My brother used to like to go through old junkyards, because he was convinced that if he looked under the seats of an old rusted out junker he’d find a 1952 Mickey Mantle card or something. I used to tell him he was crazy, and maybe he was. But he was adamant that if you looked hard enough through junk, you’d eventually find treasure. I don’t know if he ever will, but you have to admire his optimism.

And maybe it’s warranted optimism. Because a lot of baseball memorabilia, knickknacks, oddities and collectibles have basically vanished. Today at Fox’s JABO, Erik Malinowski writes about several of them that have simply vanished. Things like The homer run ball Bill Mazerowski hit in the 1960s World Series. Joe Jackson’s admission in the Black Sox scandal. Even a giant statue of Babe Ruth:

It is these little moments, the moments that go beyond sheer happenstance and more toward outright serendipity, that make the history of baseball so richly compelling.

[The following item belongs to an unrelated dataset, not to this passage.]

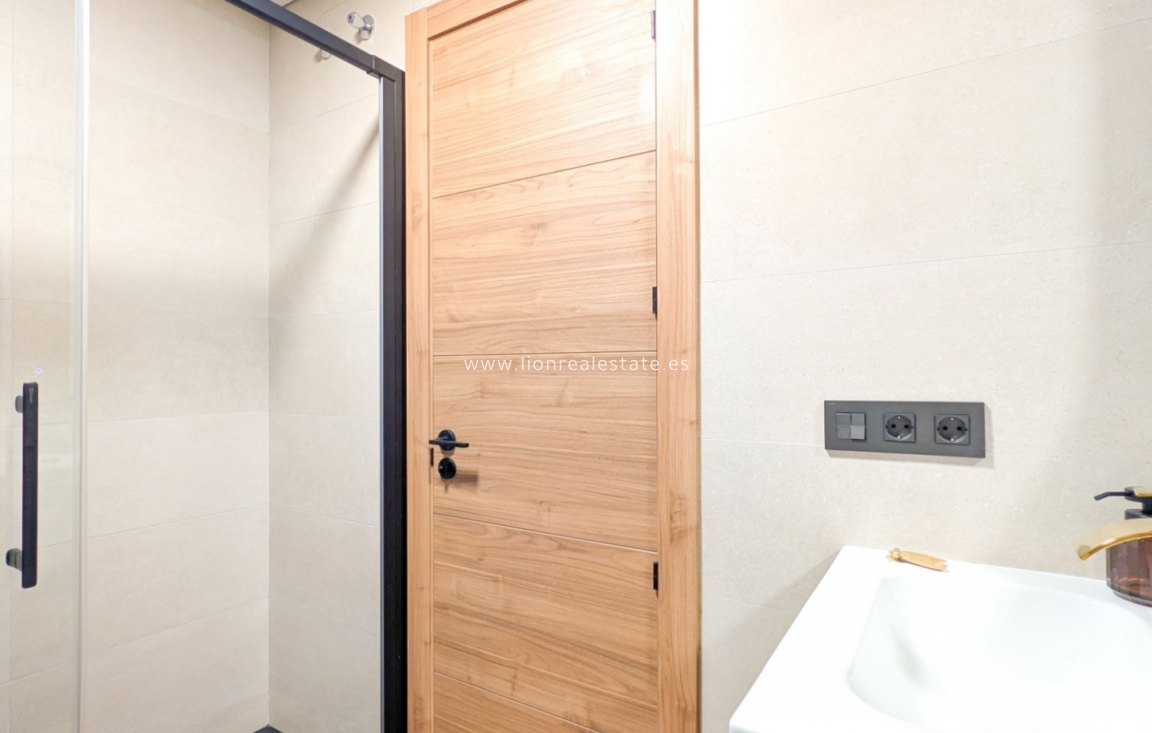 Reventa - Apartamento / piso - Torrevieja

And when you stop and consider that there is a whole other layer of lost knowledge that doesn’t make it into most of the mainstream books, that’s when you realize that any time you open a dusty trunk and rummage through a backwoods yard sale, there’s always that one-in-a-million chance you’ll stumble upon something greater.

Maybe the Ruth statue wouldn’t fit in a dusty trunk or under the seats of a car in a junkyard, but the idea still holds. Good read.